Always focus on developing good rowing form and technique. Remember, form on the rowing machine is not everything but it can make a big difference in applying effective power and efficiency.
Starting Position - Backstops
1. Sit at backstops with your toes pointed away from you. Keep your core engaged to sit in position. Keep your chest open and keep your head in a neutral position - not looking up or down.
2. Move your arms to as far as they can reach, but don't use your body to tilt towards front stops. Keep your legs down and knees flat - but not pressed rigidly down - keep them relaxed. Keep your upper body still - remember to only use your arms.
3. Follow your hands and tilt your body forward and feel the weight of your body move from the back of the seat to the front of the seat. Don't bend your back - instead, look to rock from your hips while focusing on extending your chest forward and up. Keep your head neutral - don't bend it down.
4. Follow your body forward and feel your seat move forward to one-quarter slide. Keep your head and chest up.

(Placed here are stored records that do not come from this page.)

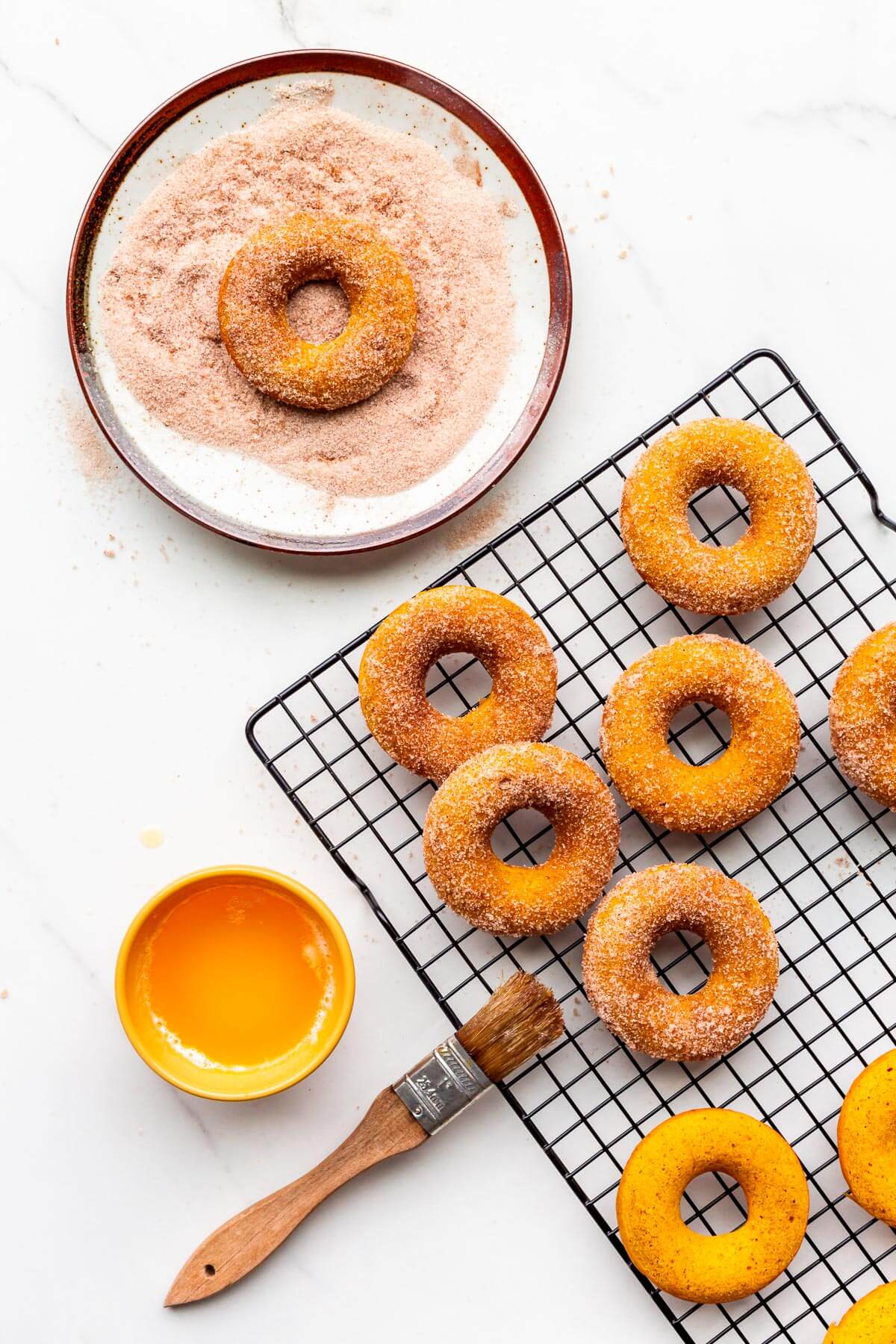 Brushing baked pumpkin donuts with melted butter and coating in cinnamon sugar before eating.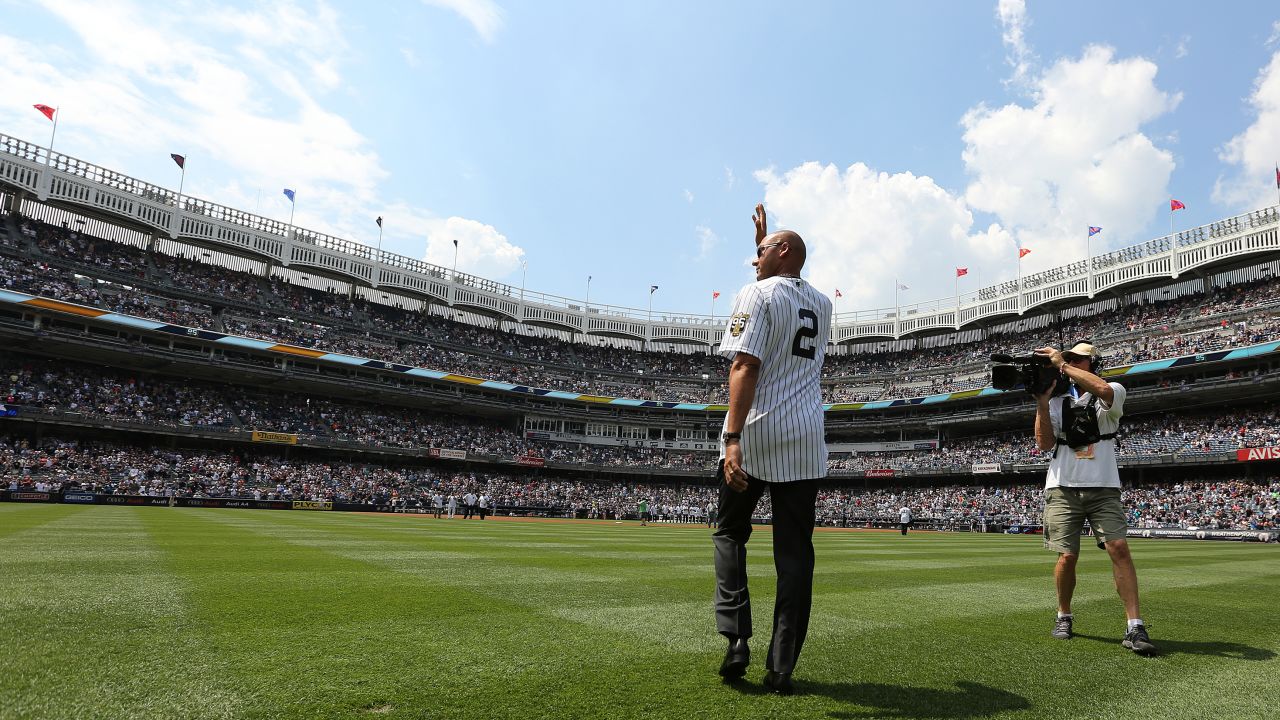 Jeter waves as he is introduced during a ceremony honoring the '96 Yankee championship.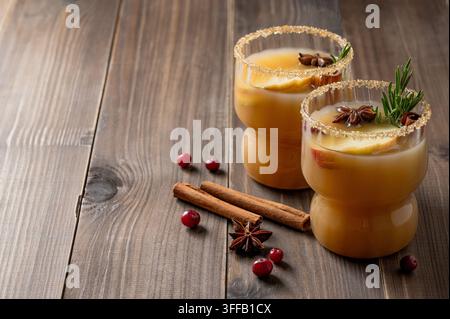 Deux verres de cidre de pomme chaud avec cannelle, anis, sucre brun et romarin sur un fond en bois avec canneberge. Concept une boisson traditionnelle et épicée Banque D'Images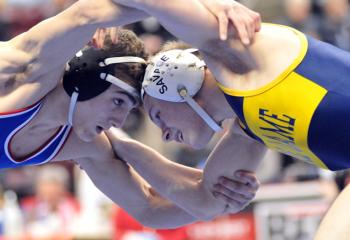 Richie Markulics, right, Notre Dame High School (NDHS), Easton, looks for a takedown on his way to a 3-2 victory for third place in the 120-pound bout. 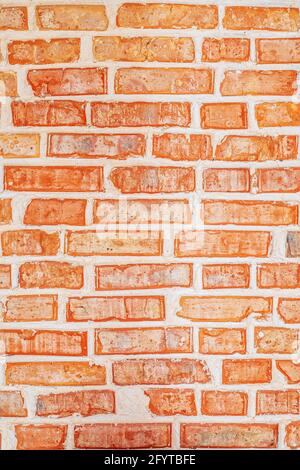 Hell und reich orange geschliffen Loft Backstein Wand Textur Hintergrund Stockfoto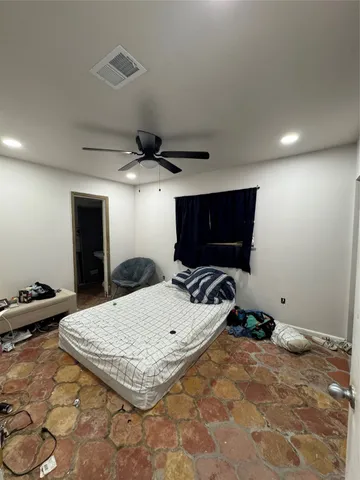 a bedroom with a bed and a television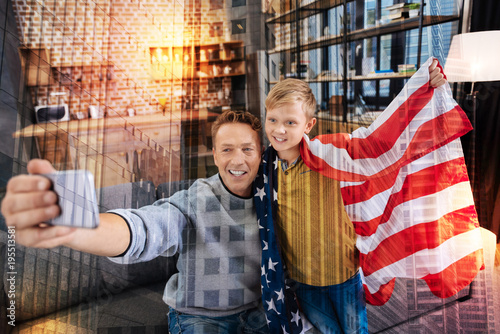 Proud Americans. Emotional young man smiling while sitting near his happy son with a flag of the USA and feeling glad while taking photos after coming to the country
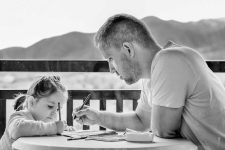 Father and daughter working together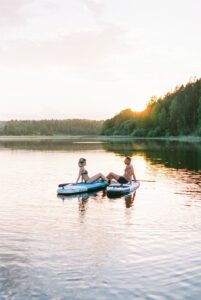 Couple Paddleboarding During Engagment Photos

5. Continue to feel your seat move forward smoothly through one-quarter slide to half slide. Keep your head and chest up and catch each stroke crisply.
6. Continue to feel your seat move foreward smoothly through one-half slide to full slide. Keep your head and chest up and prepare for the catch. Try not rush the seat forward - the art of rowing well allows you to use the slide and recovery phase to actually relax between strokes. Don't be in a rush.
7. From the catch, drive your legs from the balls of your feet. Keep your arms straight and loose. Keep your body braced. Remember most of the power is coming from your legs during this phase of the drive.
8. Swing your body and arms back smoothly as you exhaust the leg drive. Getting the coordination and timing of your legs, back and arms working together in the middle of the drive phase is important. When you get it right, it feels great and you can really see a difference in your power and efficiency.
9. Finish the stroke by pulling your arms into backstops, engaging your core and feeling your body weight transfer to the back of the seat.